Keith's wife Elizabeth died in 1882. He turned for comfort to a friend, the Swedenborgian minister Joseph Worcester, who ultimately had a strong influence on Keith's approach to landscape painting.
In 1883 Keith married Mary McHenry, who was the first female graduate of Hastings Law School and a leading suffragette. For their honeymoon, they went on a painting tour of the old California missions. A few months later they traveled to the East Coast and then to Munich, where Keith was determined to learn figure and portrait painting. He primarily worked on his own, occasionally receiving criticism from artists including Carl von Marr and J. Frank Currier. They returned to San Francisco in mid 1885.
Through Joseph Worcester, Keith met the architect Daniel Burnham in Chicago while en route to Europe. Burnham became an important patron and agent, showing and selling Keith paintings to collectors in the Chicago area.
In 1886 the Keiths moved into a custom-built house in Berkeley, from where he would commute to his studio in San Francisco each day.

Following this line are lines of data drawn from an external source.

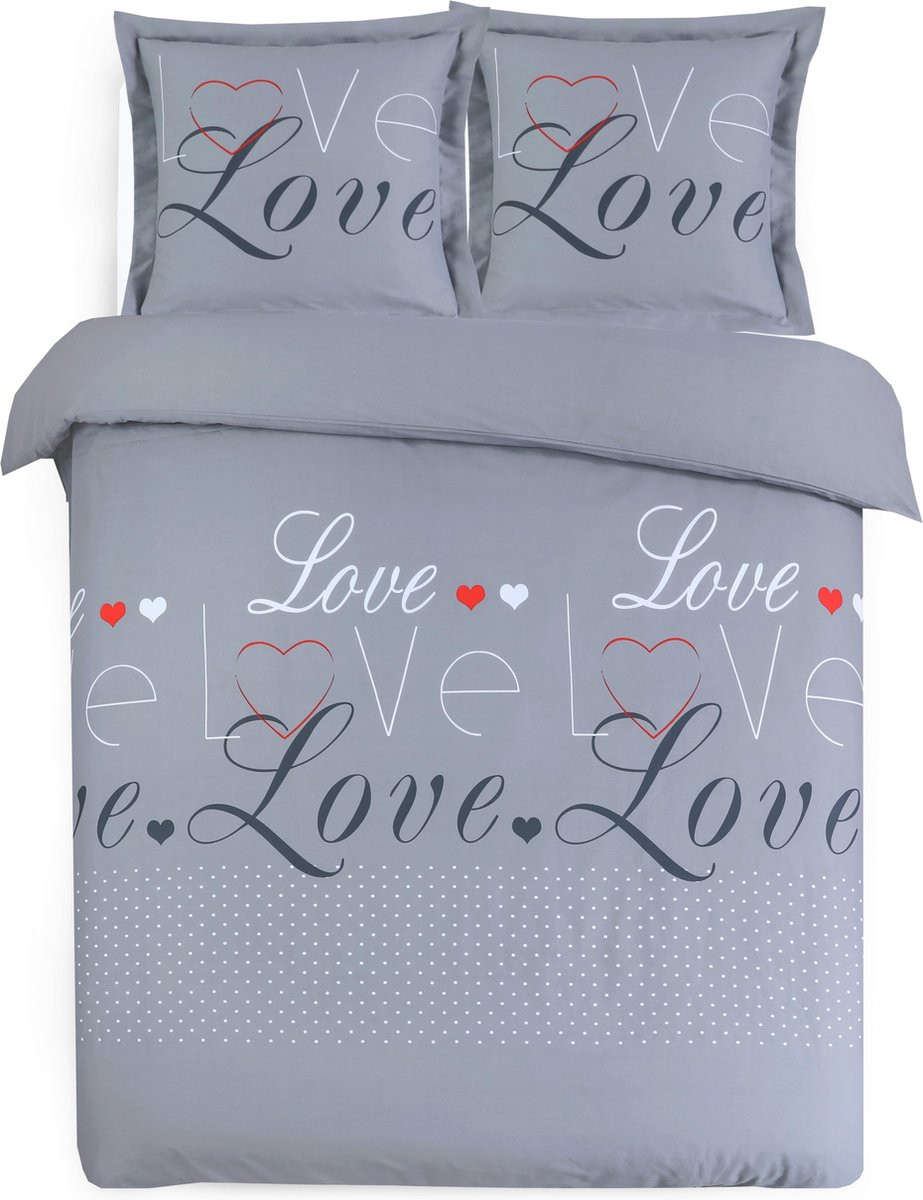 VISION home Love Dekbedovertrekset - 100% katoen - Tweepersoons - Grijs - Dekbedovertrek 200 x 200 cm met 2 slopen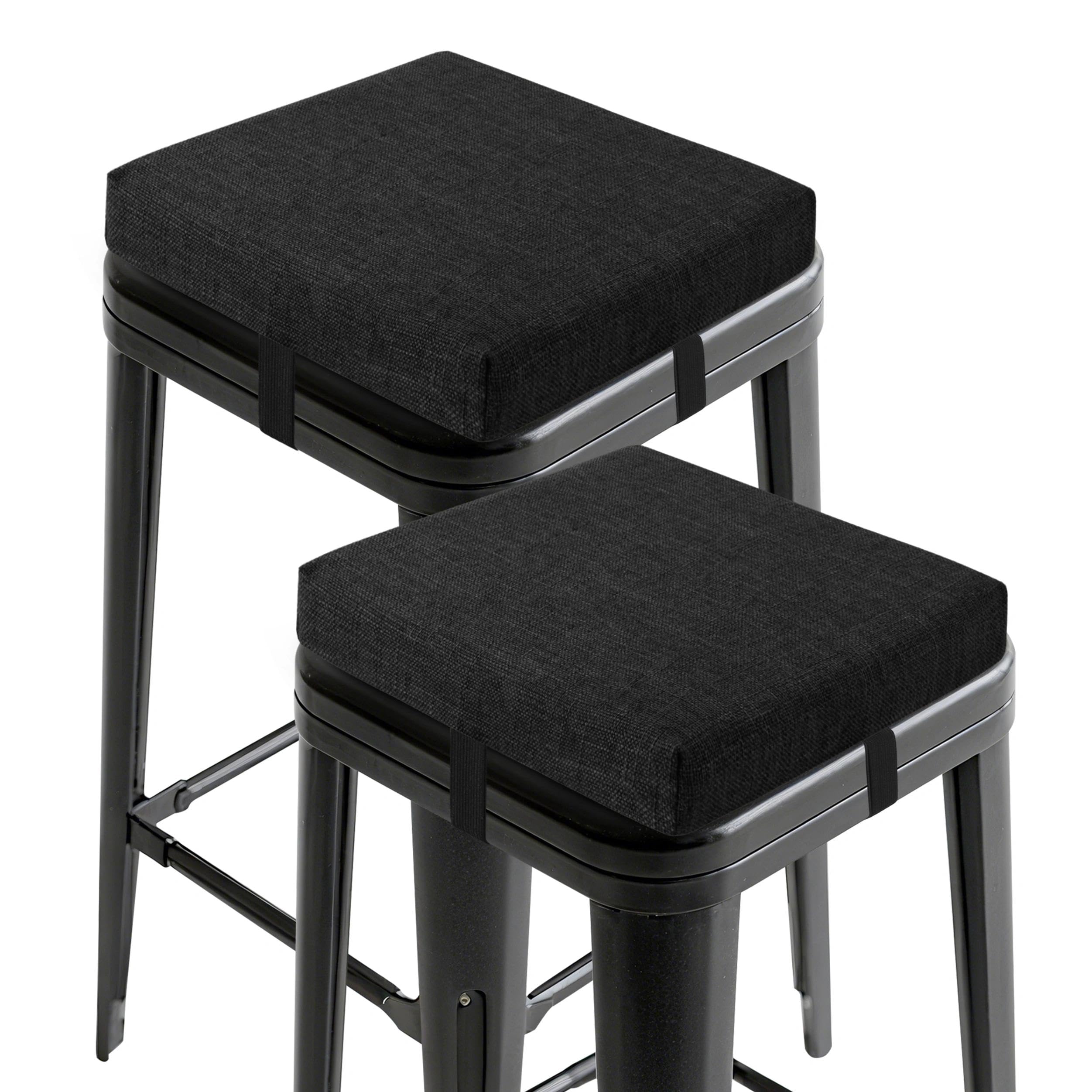 OVOV Bar Stool Cushions Square Set of 2 Non-Slip Bottom 12x12 Black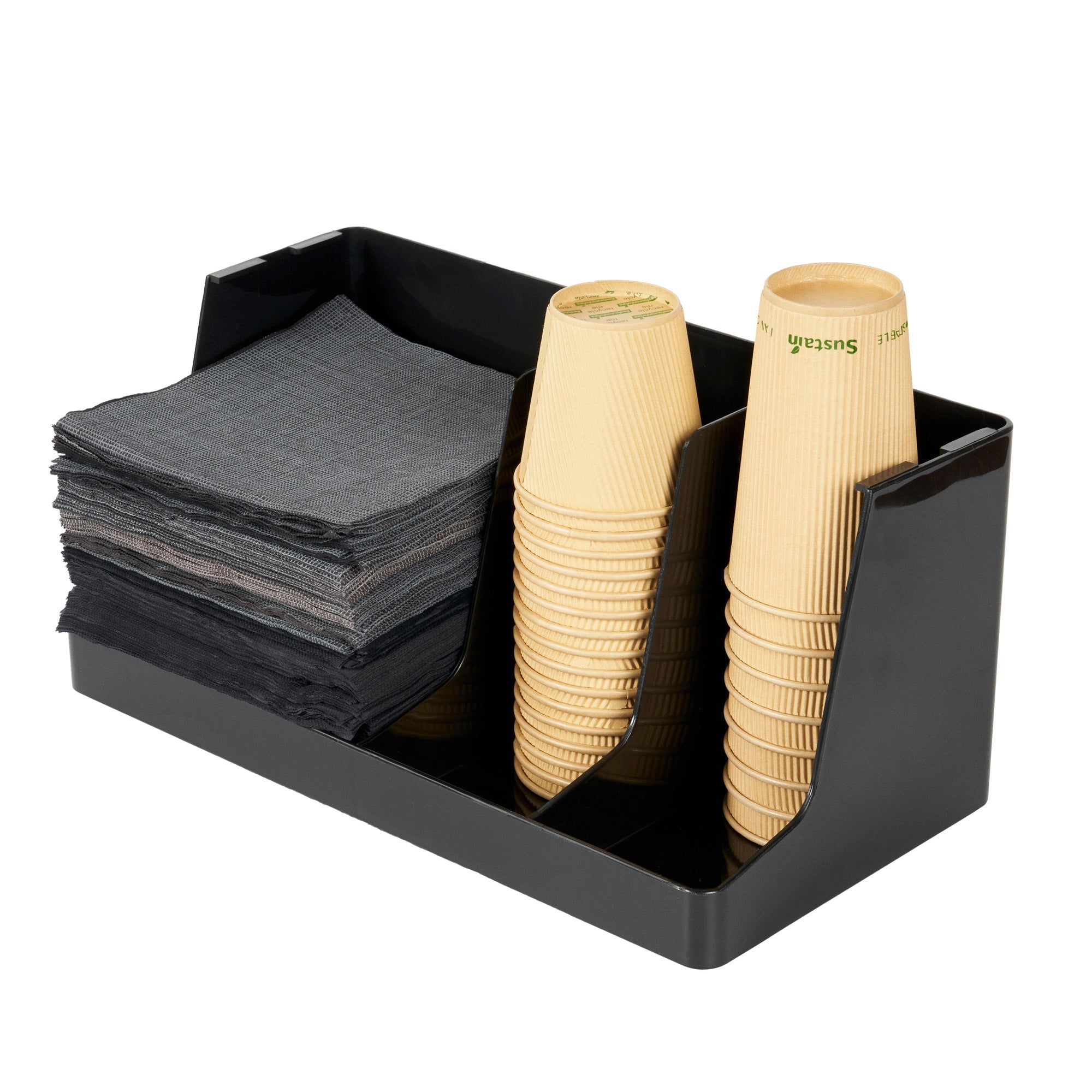 Restpresso Black Plastic Coffee Cup / Lid / Napkin Organizer - 3 Section - 16 1/4" x 8 1/4" x 7" - 1 count box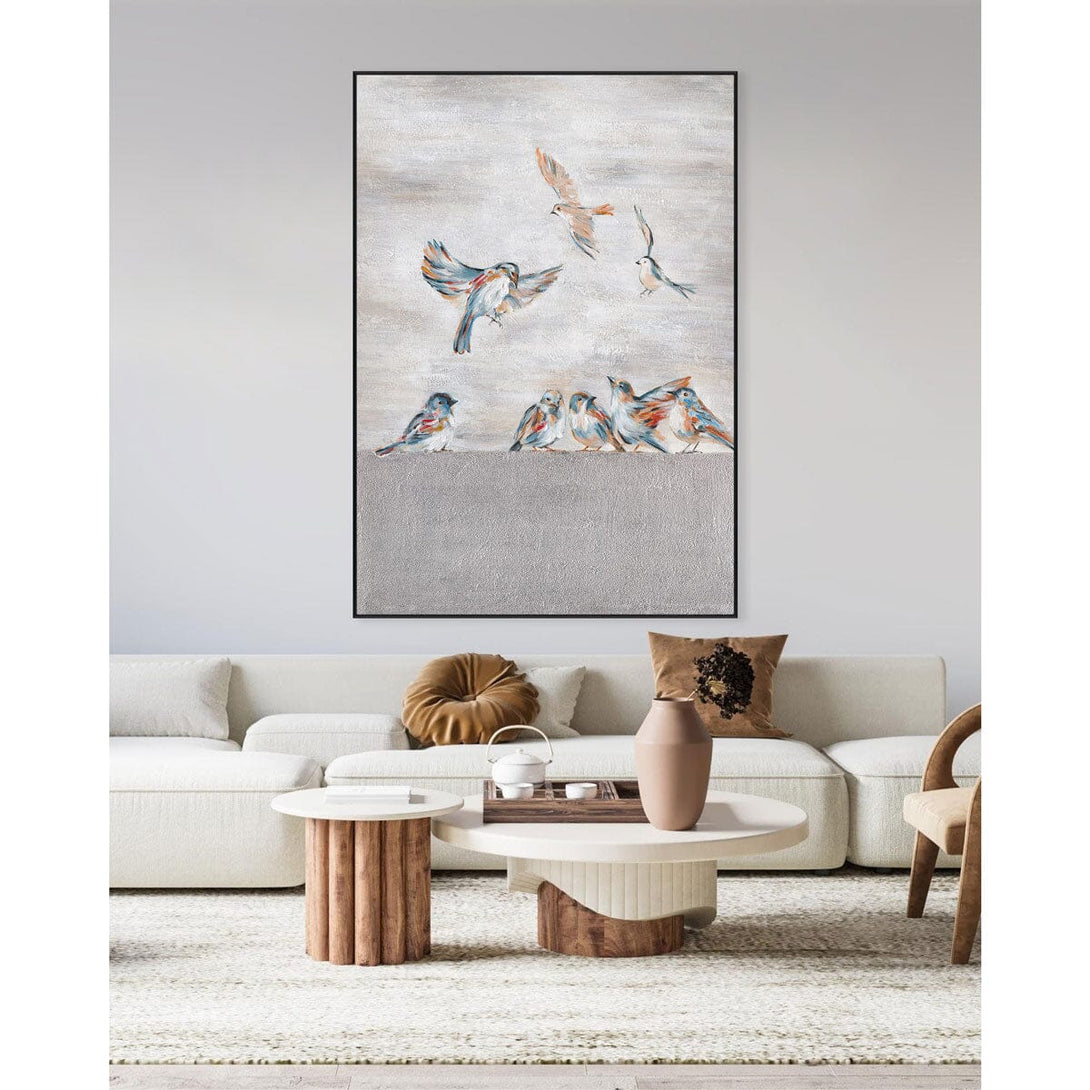 Silver Feather Sparrows - Foil Textured Animal Painting #M3529 Painting artwepaint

That year Keith also cruised Alaska's Inland Passage and sketched some of its glaciers.
Keith painted some portraits on commission and also supplemented his income by giving painting lessons, mostly to women. Among his pupils was the miniaturist Rosa Hooper.
In 1888 Keith traveled north with Muir, visiting Mount Shasta and Mount Rainier to create illustrations for Muir's Picturesque California. Muir encouraged Keith to depict mountain scenery realistically, but as Keith's artistic sense had matured, he felt free to depart from geologic reality, placing an imagined glacier or a river in a scene to enhance the beauty of the painting. The two friends argued frequently about such artistic issues. It was said that Muir said, “You never saw a sunrise like that, Keith. Why in the deuce don’t you imitate nature?’ William would goad Muir by responding, ‘Look here now, John, if you’ll go out early tomorrow morning and look toward the East you’ll see nature imitating my sunrise.".